Nikki Haley's surprising resignation on October 4 as US ambassador to the United Nations fueled rumors about the underlying reasons for its suddenness and timing. Was she positioning herself for a future Senate or presidential campaign? The speculation about the forty-six-year-old former South Carolina governor's future was accompanied by a wave of media praise that recast her as a moderate alternative to the hypernationalist commander in chief. "Nikki Haley Will Be Missed" was how the New York Times editorial board headlined its assessment of Haley's time at the United Nations. The editors praised her as a "pragmatic envoy" whose role was "constructive" and who "can exit the administration with her dignity largely intact." They went on to urge President Trump to appoint "a replacement in her mold." The New Yorker, meanwhile, headlined the news as "A Hopeful Sign for Opponents of Trump."
Less than a week before her resignation, Ambassador Haley made a pilgrimage to a decidedly immoderate, highly secretive organization of right-wing, mostly evangelical Republican operatives known as the Council for National Policy, or CNP. Her appearance before the group featured her last major speech before she announced that she would leave her official post. There was no public notice, no transcript. I was present as the only journalist inside the closed-door gathering.
Haley's appearance before the CNP was structured like a campaign fund-raiser, opening with a prepared stump-style speech that segued into an informal question-and-answer session. She riled the crowd with boastful yarns about facing down global evildoers, and revealed that she used the widespread perception of President Trump as erratic and unpredictable to frighten her Chinese counterparts. She once attempted to intimidate the Chinese ambassador with threats of a military invasion of North Korea, she said, warning that she had no idea what her boss was capable of. In a way, Haley had deployed a version of Henry Kissinger and Richard Nixon's "madman theory," holding up Trump as an unstable actor who might do anything. It seemed that she herself also genuinely had no idea what Trump would do.
Haley had been scheduled to speak to the CNP for a half hour, but as she completed her scripted address and took a seat for an off-the-cuff Q&A with Tony Perkins, the CNP's president, she appeared in no hurry to leave. Lapping up the council's adulation, Haley stayed over her time for an extended series of candid, and at times disturbing, recollections of Trump's campaign of maximum pressure against North Korea. She began by recounting a debate with the president on his planned remarks before the UN General Assembly in September 2017. When she learned that Trump planned to denigrate the North Korean leader Kim Jong-un as "Rocket Man," she said she urged him to remove the line.
"I told the president, 'This is the UN; it's a little more formal of a setting than a campaign rally,'" Haley remembered, holding back laughter. But Trump insisted that he liked the ring of the insult, she said.
"So I said, 'Okay, Mr. President, you're the boss,'" Haley recalled. She said that during a meeting with the president of Uganda, Yoweri Museveni, a few hours after Trump's tirade, the African leader casually referred to Kim as "Rocket Man." The exchange was clear proof in her mind of Trump's masterful salesmanship.
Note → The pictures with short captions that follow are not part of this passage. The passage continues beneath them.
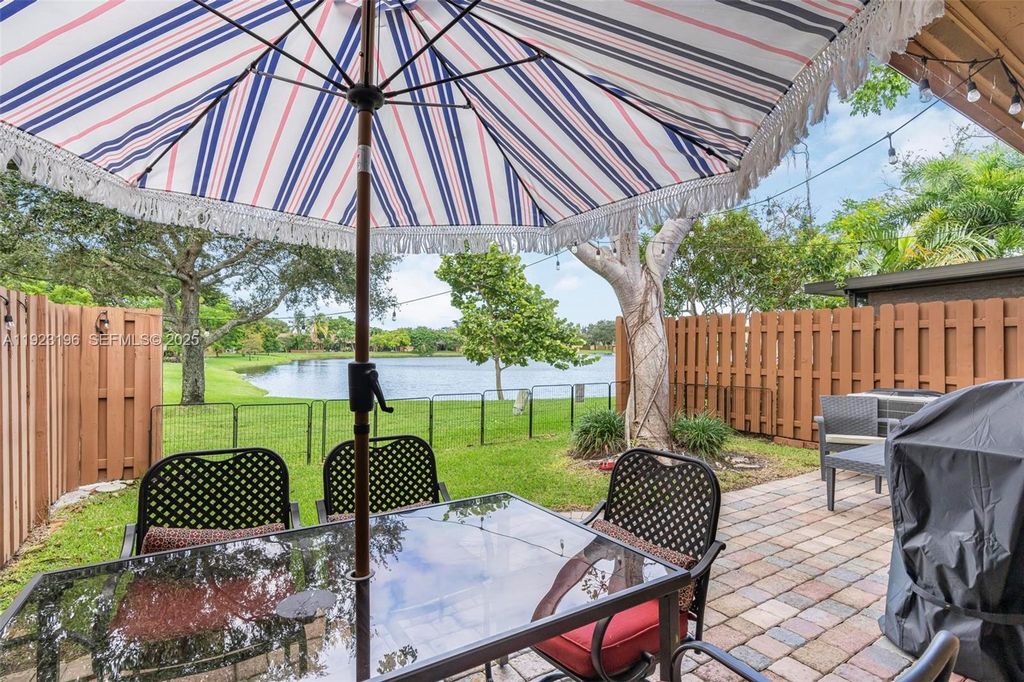 830 NW 79th Ter, Plantation, FL 33324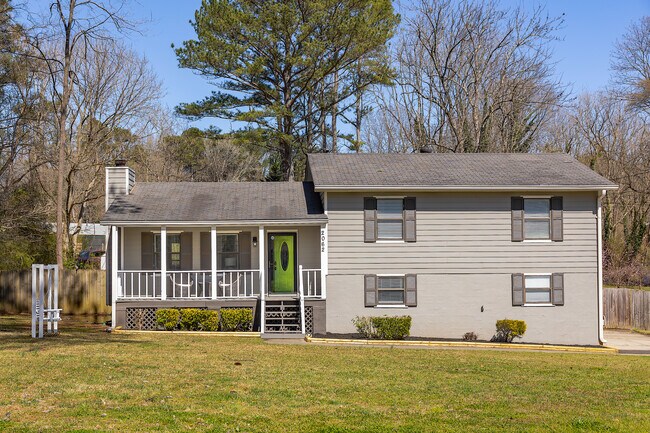 Building Photo - 2062 Woodbine Cir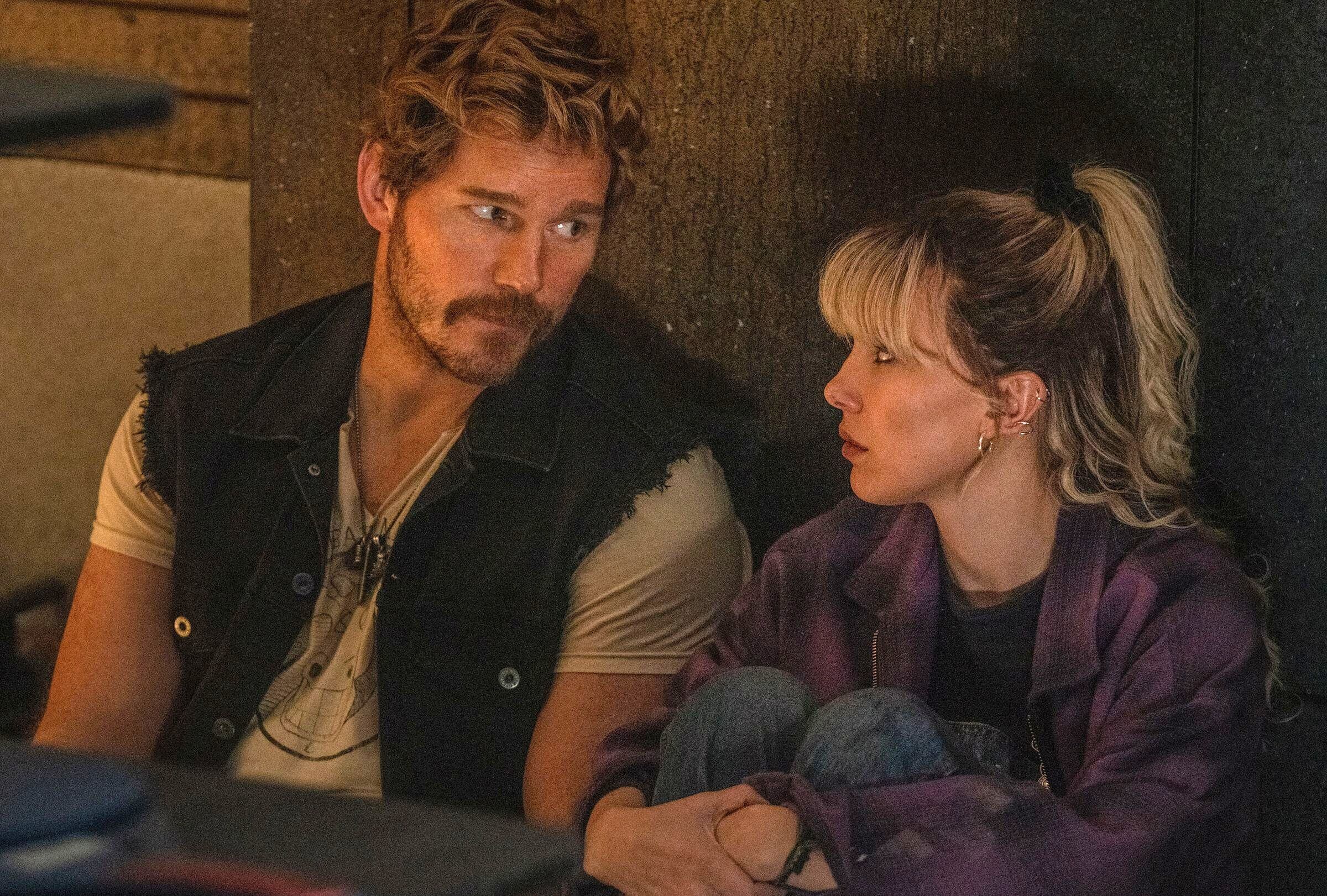 Millie Bobby Brown y Chris Pratt encabezan el elenco de la comedia de ciencia ficción "Estado eléctrico" (Foto: Netflix)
While learning on the job at the UN, Haley said, she sought out Henry Kissinger as her personal foreign policy mentor, meeting with him every two months to absorb his lessons. During a tense diplomatic standoff with North Korea, she appeared to have embraced a version of Kissinger and Nixon's notorious "madman theory."
It was September 2, 2017, and North Korea had just embarked on its sixth nuclear test launch. Haley's mission was to ram a resolution through the UN Security Council to sanction the isolated state. This meant that she had to secure abstentions from Russia and China, the two permanent members that maintained relations with Pyongyang. It was a tall task, but as she boasted to the rapt audience at the CNP, she had a few tricks up her sleeve.
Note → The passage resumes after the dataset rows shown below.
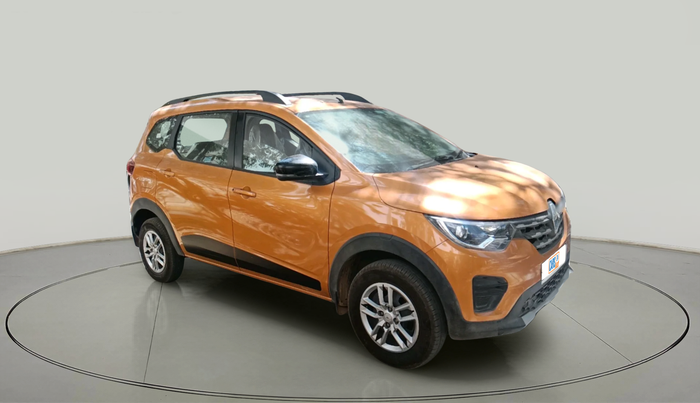 2023 Renault TRIBER RXT, Petrol, Manual, 16,264 km, exterior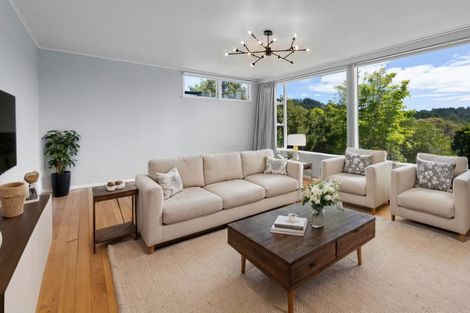 Photo of property in 77 Avonleigh Road, Green Bay, Auckland, 0604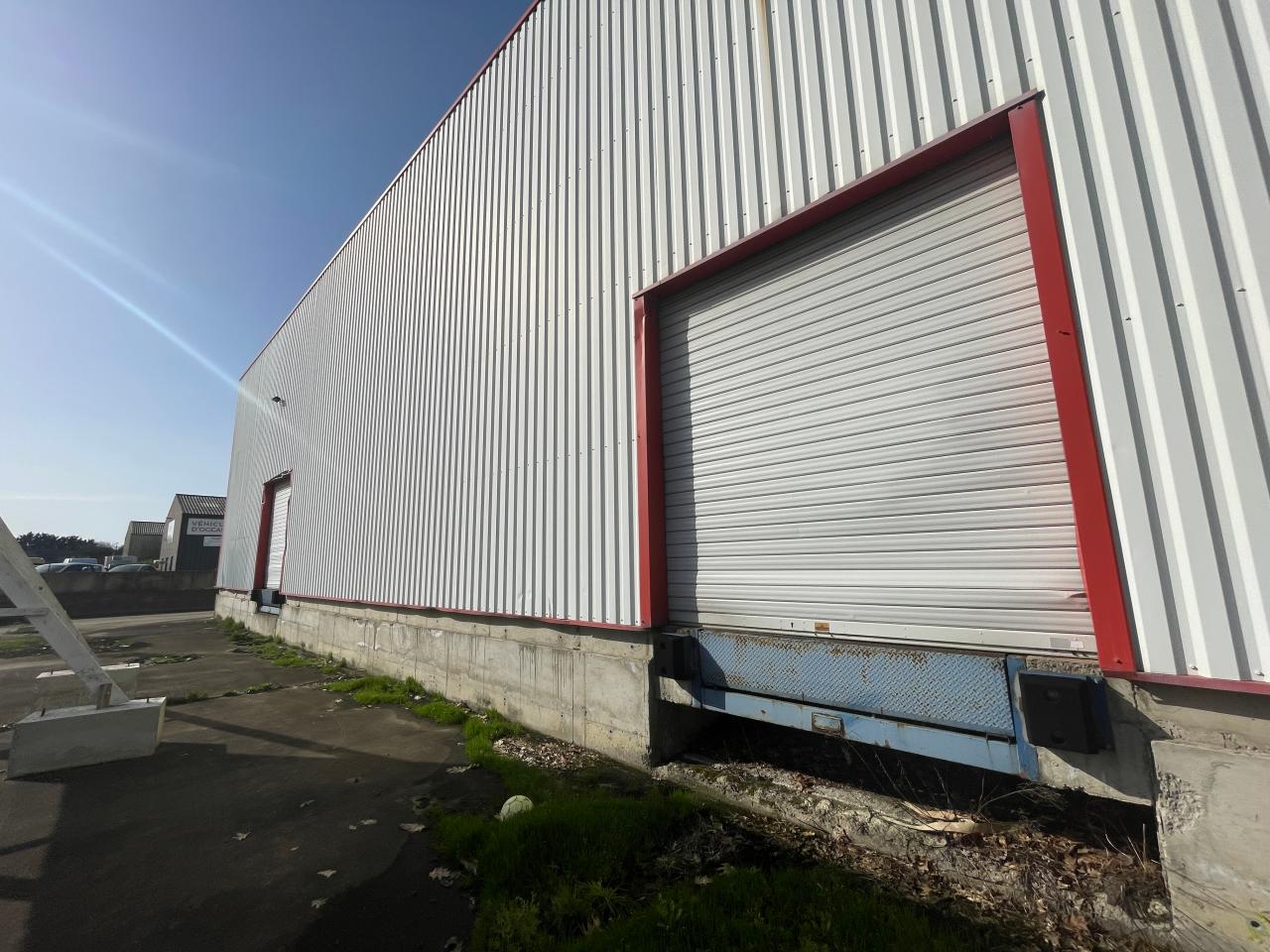 Vente local d'activité Piré-sur-Seiche Ille-et-Vilaine OVACT2639637 1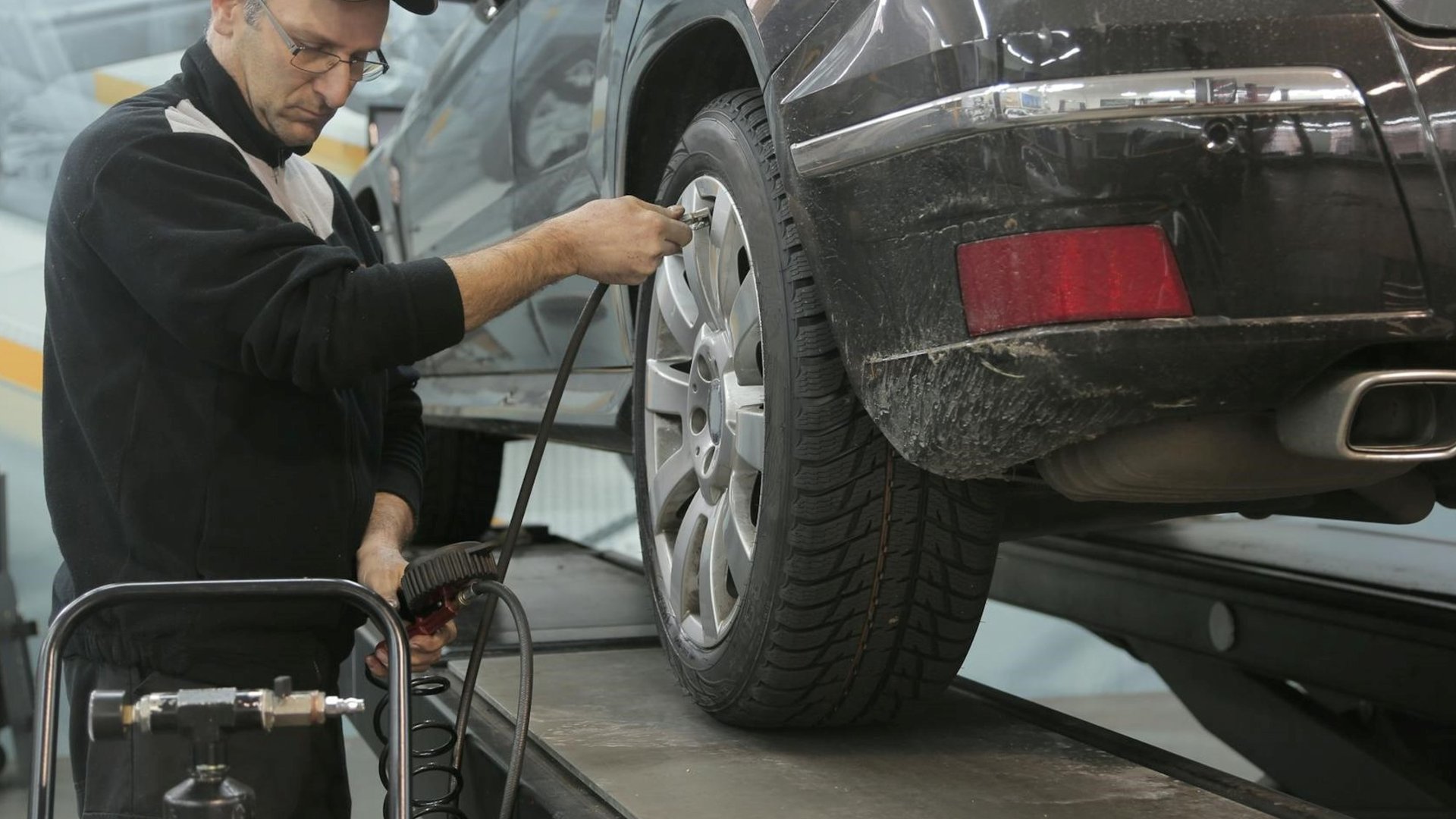Vehículos: ni 28 ni 30, la presión ideal de las ruedas antes de salir a la ruta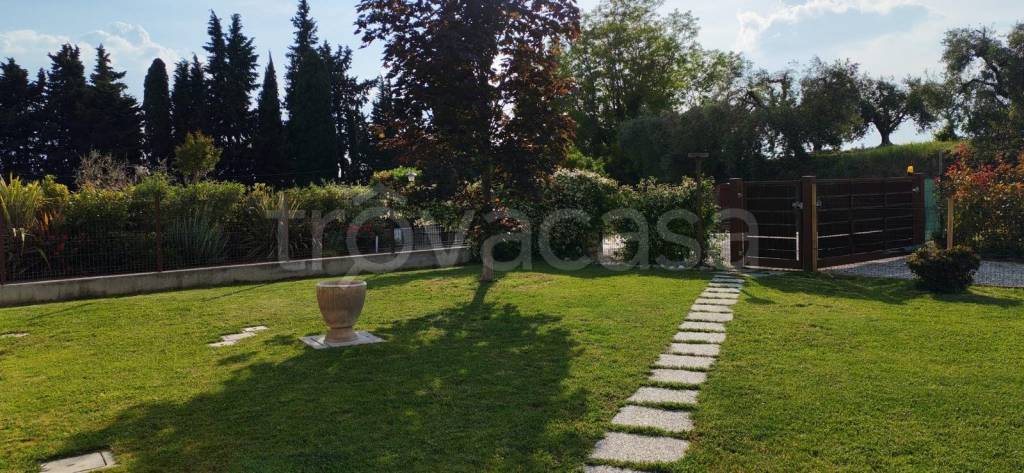 casa indipendente in vendita a Bardolino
"I said to the Russians, 'Either you're with North Korea, or you're with the United States of America,'" Haley recalled. She said she went to the Chinese ambassador and raised the prospect of an American military invasion of North Korea. "My boss is kind of unpredictable, and I don't know what he'll do," she said she warned her Chinese counterpart.
If Haley had disclosed her threat to invade China's neighbor and longtime ally before a gathering of the Council on Foreign Relations, she might have been met with finger wags and howls of outrage. But this was the Council for National Policy, and her imperial chest-thumping only deepened its members' sense of admiration. "I tell the president, 'I do this all the time,'" Haley assured the crowd. "And he totally gets it."
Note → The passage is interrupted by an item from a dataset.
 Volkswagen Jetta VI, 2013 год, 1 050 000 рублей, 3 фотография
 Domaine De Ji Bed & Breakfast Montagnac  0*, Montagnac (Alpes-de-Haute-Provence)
Back when Trump was emerging as a presidential front-runner, Haley was not so favorably disposed to the former reality TV star. She used her January 2016 delivery of the Republican response to Obama's last State of the Union address as an opportunity to warn the nation about the dangers of Trump's brand of populism. "During anxious times, it can be tempting to follow the siren call of the angriest voices," she said. "We must resist that temptation." Less than a year later, however, when the head of Trump's presidential transition team, Reince Priebus, reached out to her with an enticing job offer, she could hardly resist.